Exercise data Block Start

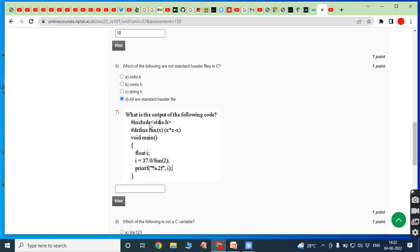Seventh bit: what is the output of the following code? We have #include stdio.h and #define function(x) as x*x minus x. This is a preprocessor directive — whenever function(x) appears in the program it is replaced by x*x minus x. In main, float i; i equals 37.0 divided by function(2). Since x equals 2, the macro expands to 2*2 minus 2, which equals 4 minus 2 equals 2.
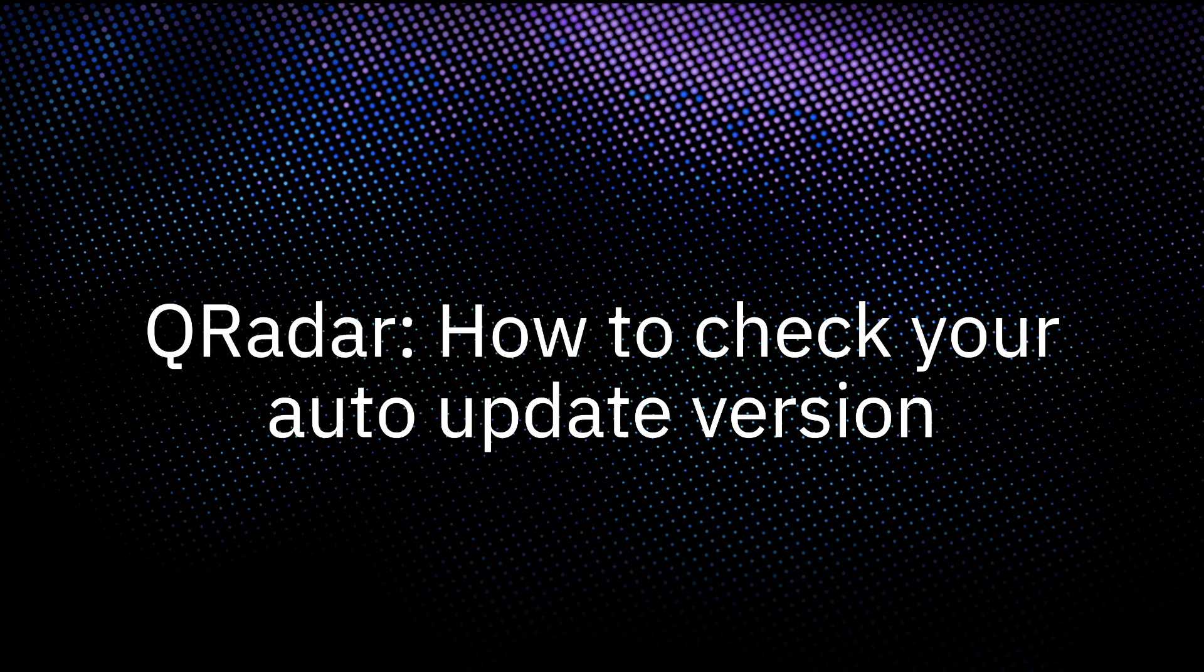Hello, I'm Asher from QRadar Support, and in this video I will show you how to check your auto update version.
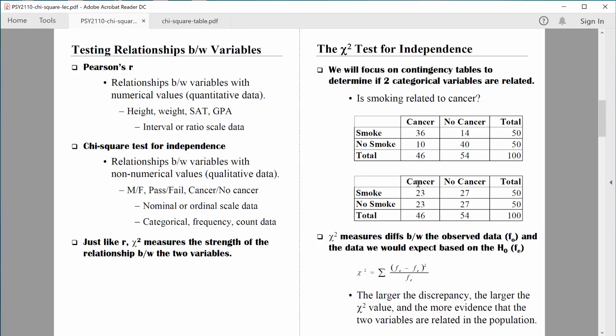I'll show you how to compute the chi-square statistic by comparing these two tables in a later video. For right now, I just wanted to introduce you to the chi-square test for independence. That's it for now — I'll see you in the next video.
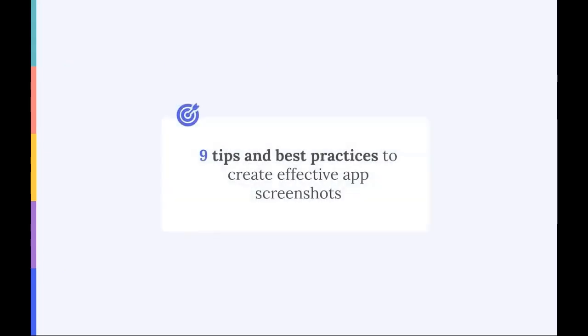Now what does it take to design screenshots that convert? In this video we'll go over nine of our main tips and best practices to help you create effective app screenshots.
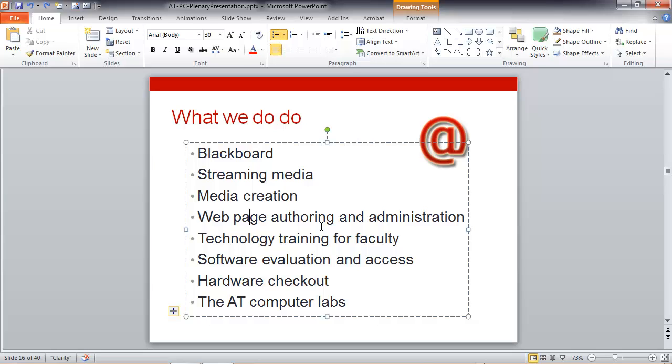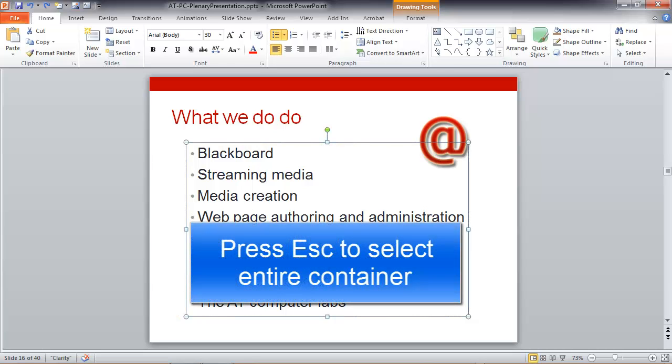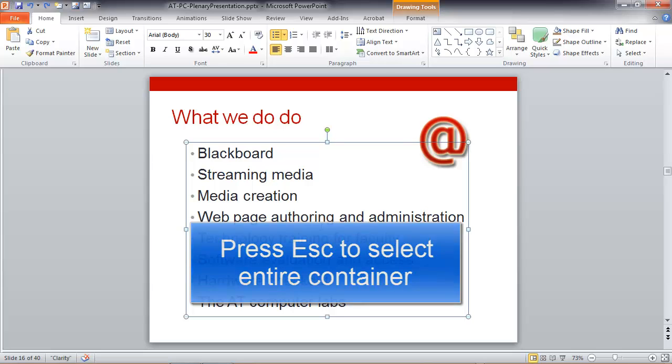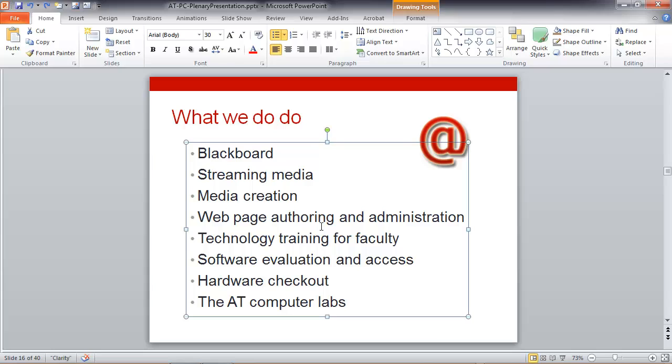And here's a little tip. If you click inside a text container and then press the Escape key, you see how that border became a solid border and my cursor disappeared. That means the entire container has been selected.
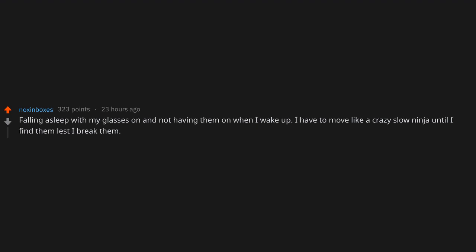Falling asleep with my glasses on and not having them on when I wake up. I have to move like a crazy slow ninja until I find them, lest I break them. Usually they are tangled up in the bedsheets, but once I found them in the bathroom.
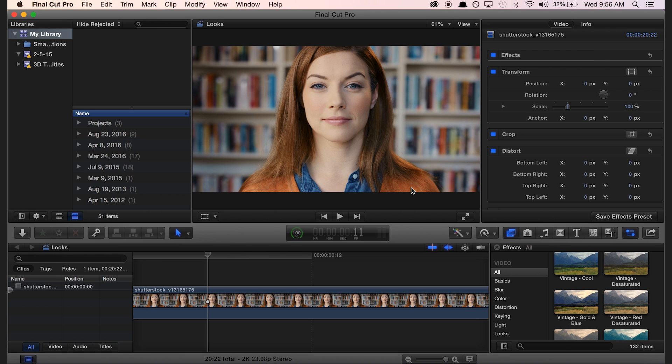Now all you have to do is close out Final Cut Pro and open it back up, and you should see the effects presets right here in your effects browser.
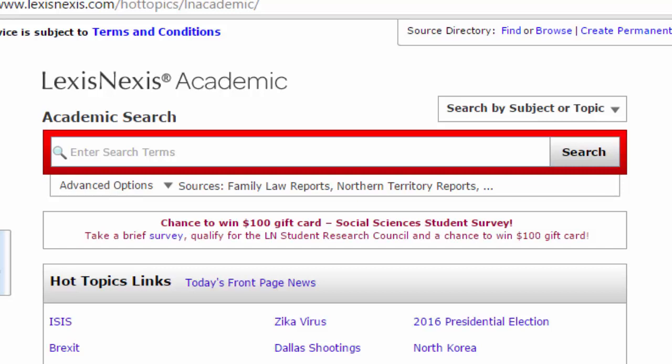And that is how you browse sources on LexisNexis Academic. To learn more about the resources available in the libraries check out the other videos in the series or you can contact any other librarians at UCT Libraries for assistance.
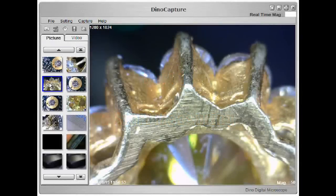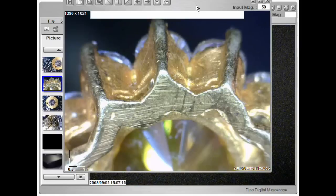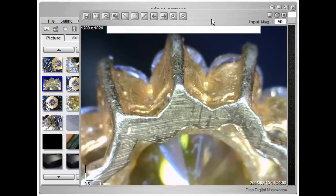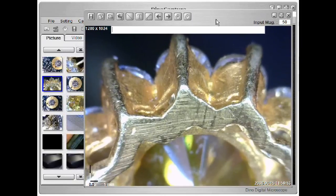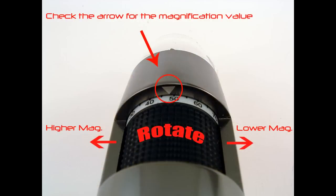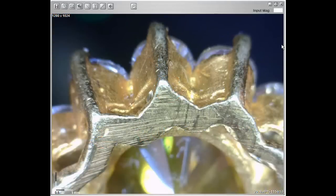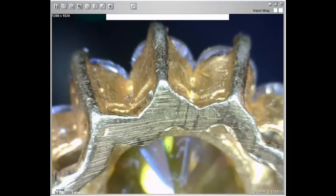To start measuring, double click on the thumbnail of the picture you wish to measure, which will open an editing window. Check the scope for the magnification value, then input the magnification.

Exercise data Block End

* The task: Starting with the first line of the data above and ending with the line containing "Falling asleep with", please restate every line exactly, leaving images out.

* Worked solution:
Seventh bit: what is the output of the following code? We have #include stdio.h and #define function(x) as x*x minus x. This is a preprocessor directive — whenever function(x) appears in the program it is replaced by x*x minus x. In main, float i; i equals 37.0 divided by function(2). Since x equals 2, the macro expands to 2*2 minus 2, which equals 4 minus 2 equals 2.
Hello, I'm Asher from QRadar Support, and in this video I will show you how to check your auto update version.
I'll show you how to compute the chi-square statistic by comparing these two tables in a later video. For right now, I just wanted to introduce you to the chi-square test for independence. That's it for now — I'll see you in the next video.
Now what does it take to design screenshots that convert? In this video we'll go over nine of our main tips and best practices to help you create effective app screenshots.
And here's a little tip. If you click inside a text container and then press the Escape key, you see how that border became a solid border and my cursor disappeared. That means the entire container has been selected.
Falling asleep with my glasses on and not having them on when I wake up. I have to move like a crazy slow ninja until I find them, lest I break them. Usually they are tangled up in the bedsheets, but once I found them in the bathroom.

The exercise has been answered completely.